I know in Home HVAC systems, the lines which run between the pump and the wall of the dwelling are oftentimes insulated perhaps keeping some of the cold lines "colder"? Since the cold lines run through the Hot engine compartment, would insulating the lines further help keep them cooler?
 
It is not generally recommended. Info below taken from Stack Exchange because they explain it better than I can.

1. The cold side of the piping is after the evaporator, headed back to the compressor. Any loss here will not make a difference in the overall performance or efficiency of your AC unit.

2. Since the system is designed without the insulation, it may actually be detrimental to some of the working parts for it to be colder (may cause freezing of moving parts/evaporator). Engineers have taken all of this into account when designing the AC unit in the first place

3. Remember in order for condensation to form on this pipe it only has to meet two conditions: 1) pipe has to be cooler than the dew point; 2) there has to be humidity in the air. These conditions are very easily met in most situations.

Vehicle AC units are work pretty darn well considering what they have to do and the amount and quickness of cooling they have to do. Why mess with success. If you do, you could be introducing dynamics into the system they weren't designed for and you won't being doing much to improve the efficiency
 
I would think there would be a risk of "slugging" the compressor with liquid refrigerant, likely damaging it. Unlike a hermetic or scroll A/C compressor, an automotive compressor can't take any liquid returning, at all.
 
Originally Posted By: ad244
I know in Home HVAC systems, the lines which run between the pump and the wall of the dwelling are oftentimes insulated perhaps keeping some of the cold lines "colder"? Since the cold lines run through the Hot engine compartment, would insulating the lines further help keep them cooler?

The "coldness" of the lines is immaterial for the most part. The smaller high pressure liquid line coming from the condenser is warm, you want it to reject heat if possible before it reaches the evaporator. The low pressure gas line from the evaporator to the compressor (the one that's insulated in your house and often in a car) really doesn't go that far and thermodynamically it won't make much difference when it comes to affecting the output temperature at the compressor. What insulation may already be on there is sufficient.
 
On several of the Ford F150 sites, I've read where folks have insulated the cold side and increased the performance of the system, without any detrimental effects.
 
Those trucks normally work well. Something is wrong with yours. Was it charged by weight or some yahoo with guages and a can? Is the heater valve shutting the water off to the heater completely? Bad compressor or expansion valve?
 
Mercedes used to insulate the AC lines in the 1980s-1990s with Armstrong Tubolit insulation, which I believe Armaflex at the local big box is the successor to that.

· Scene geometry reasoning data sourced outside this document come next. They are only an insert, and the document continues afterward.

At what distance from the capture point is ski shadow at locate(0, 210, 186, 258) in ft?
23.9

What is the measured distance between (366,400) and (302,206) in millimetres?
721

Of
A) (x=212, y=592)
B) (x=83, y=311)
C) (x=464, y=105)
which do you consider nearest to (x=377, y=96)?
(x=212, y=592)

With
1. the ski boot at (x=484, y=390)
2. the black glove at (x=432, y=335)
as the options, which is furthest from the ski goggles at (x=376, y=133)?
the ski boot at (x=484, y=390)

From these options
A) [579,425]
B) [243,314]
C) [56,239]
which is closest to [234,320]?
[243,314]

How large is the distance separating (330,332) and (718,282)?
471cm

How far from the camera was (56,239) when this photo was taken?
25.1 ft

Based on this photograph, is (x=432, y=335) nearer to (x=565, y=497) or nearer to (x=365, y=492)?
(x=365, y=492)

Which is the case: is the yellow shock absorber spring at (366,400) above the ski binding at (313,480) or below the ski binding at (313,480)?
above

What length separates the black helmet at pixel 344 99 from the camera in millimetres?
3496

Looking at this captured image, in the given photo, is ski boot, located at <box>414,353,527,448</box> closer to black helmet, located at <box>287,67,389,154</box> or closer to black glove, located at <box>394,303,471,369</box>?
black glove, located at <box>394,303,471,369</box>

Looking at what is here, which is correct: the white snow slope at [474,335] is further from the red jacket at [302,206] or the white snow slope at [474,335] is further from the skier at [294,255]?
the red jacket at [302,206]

I don't think it'll hurt, if anything it might protect the hard lines from chafing.
 
One benefit to insulating a portion of the line from firewall (..only part of the line run...) is to stop condesate from the sweating line dripping onto belt(s) and slinging droplets all over. Would not otherwise care and system does not need it. On smaller Honda engines, this resulted in considerable difference in accumulating dirt on the sound insulation material under the hood.
 
Originally Posted By: nthach
Mercedes used to insulate the AC lines in the 1980s-1990s with Armstrong Tubolit insulation, which I believe Armaflex at the local big box is the successor to that.

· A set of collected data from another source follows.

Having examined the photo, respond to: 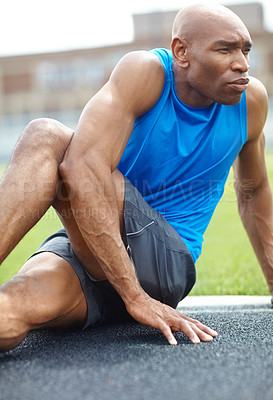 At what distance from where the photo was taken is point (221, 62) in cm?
203

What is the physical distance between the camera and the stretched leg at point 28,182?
1.78 m

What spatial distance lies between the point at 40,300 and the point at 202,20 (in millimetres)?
1255

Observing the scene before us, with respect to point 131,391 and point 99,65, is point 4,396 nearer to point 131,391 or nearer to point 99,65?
point 131,391

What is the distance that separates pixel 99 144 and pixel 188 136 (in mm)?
448

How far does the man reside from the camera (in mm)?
1820

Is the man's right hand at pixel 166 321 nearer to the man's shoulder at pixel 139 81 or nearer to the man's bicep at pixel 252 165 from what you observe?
the man's shoulder at pixel 139 81

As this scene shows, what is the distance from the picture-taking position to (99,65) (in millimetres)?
32969

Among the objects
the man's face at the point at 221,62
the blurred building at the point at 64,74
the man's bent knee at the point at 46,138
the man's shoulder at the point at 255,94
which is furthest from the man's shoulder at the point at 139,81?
the blurred building at the point at 64,74

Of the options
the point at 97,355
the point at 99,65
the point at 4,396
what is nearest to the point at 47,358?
the point at 97,355

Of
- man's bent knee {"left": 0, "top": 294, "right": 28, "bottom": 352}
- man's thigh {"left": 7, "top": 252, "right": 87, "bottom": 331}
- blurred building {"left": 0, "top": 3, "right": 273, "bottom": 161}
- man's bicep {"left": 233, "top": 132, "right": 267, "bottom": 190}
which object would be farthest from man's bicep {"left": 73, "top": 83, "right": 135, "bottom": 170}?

I don't think it'll hurt, if anything it might protect the hard lines from chafing.


I was just about to say this!
 
I bought pipe insulation from Home Depot and insulate the cold line in all my vehicles. On a 2007 Mazda I compared the un-insulated center vent out put temp vs insulated. The insulation helped the center vent temp by lowering the temp 2.5 F. measured with an accurate Digital thermometer. A worthwhile thing to do here in SW Florida. Ed
 
Chrysler actually started running a section of the high side line inside of the low side line. They decided cooling the high side was more important. They call it a internal heat exchanger.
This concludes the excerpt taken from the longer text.